Starting at the top of the entries below, set down each line exactly as written, and stop after the line containing "2016 Dodge Charger".

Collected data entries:
- Opening Delimiter -
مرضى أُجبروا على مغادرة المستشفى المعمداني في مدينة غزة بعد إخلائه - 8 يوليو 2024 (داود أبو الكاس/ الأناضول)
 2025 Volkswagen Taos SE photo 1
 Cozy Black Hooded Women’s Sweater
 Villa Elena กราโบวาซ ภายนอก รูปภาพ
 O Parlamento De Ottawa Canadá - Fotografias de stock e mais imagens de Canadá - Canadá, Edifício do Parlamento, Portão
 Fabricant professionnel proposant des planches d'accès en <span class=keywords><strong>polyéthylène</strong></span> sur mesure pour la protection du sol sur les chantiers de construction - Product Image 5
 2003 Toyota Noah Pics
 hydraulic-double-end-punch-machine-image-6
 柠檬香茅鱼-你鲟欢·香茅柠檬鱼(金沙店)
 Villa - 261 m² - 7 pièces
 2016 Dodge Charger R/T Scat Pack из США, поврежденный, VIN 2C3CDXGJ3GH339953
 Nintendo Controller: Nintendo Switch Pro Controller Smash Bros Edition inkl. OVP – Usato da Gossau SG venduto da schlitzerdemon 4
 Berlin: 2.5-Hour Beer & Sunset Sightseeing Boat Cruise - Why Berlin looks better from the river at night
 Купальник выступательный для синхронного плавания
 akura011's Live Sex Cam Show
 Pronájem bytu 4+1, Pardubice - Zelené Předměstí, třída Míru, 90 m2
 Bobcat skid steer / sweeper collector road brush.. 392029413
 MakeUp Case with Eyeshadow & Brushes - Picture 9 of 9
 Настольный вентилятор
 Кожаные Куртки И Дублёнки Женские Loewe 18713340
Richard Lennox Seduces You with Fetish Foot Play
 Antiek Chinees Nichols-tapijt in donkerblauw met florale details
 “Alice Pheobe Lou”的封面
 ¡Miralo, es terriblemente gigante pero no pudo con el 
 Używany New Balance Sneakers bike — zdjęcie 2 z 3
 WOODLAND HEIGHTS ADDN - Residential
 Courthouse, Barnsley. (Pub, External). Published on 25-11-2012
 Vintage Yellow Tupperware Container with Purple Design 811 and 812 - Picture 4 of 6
- Closing Delimiter -
> Solution:
مرضى أُجبروا على مغادرة المستشفى المعمداني في مدينة غزة بعد إخلائه - 8 يوليو 2024 (داود أبو الكاس/ الأناضول)
 2025 Volkswagen Taos SE photo 1
 Cozy Black Hooded Women’s Sweater
 Villa Elena กราโบวาซ ภายนอก รูปภาพ
 O Parlamento De Ottawa Canadá - Fotografias de stock e mais imagens de Canadá - Canadá, Edifício do Parlamento, Portão
 Fabricant professionnel proposant des planches d'accès en <span class=keywords><strong>polyéthylène</strong></span> sur mesure pour la protection du sol sur les chantiers de construction - Product Image 5
 2003 Toyota Noah Pics
 hydraulic-double-end-punch-machine-image-6
 柠檬香茅鱼-你鲟欢·香茅柠檬鱼(金沙店)
 Villa - 261 m² - 7 pièces
 2016 Dodge Charger R/T Scat Pack из США, поврежденный, VIN 2C3CDXGJ3GH339953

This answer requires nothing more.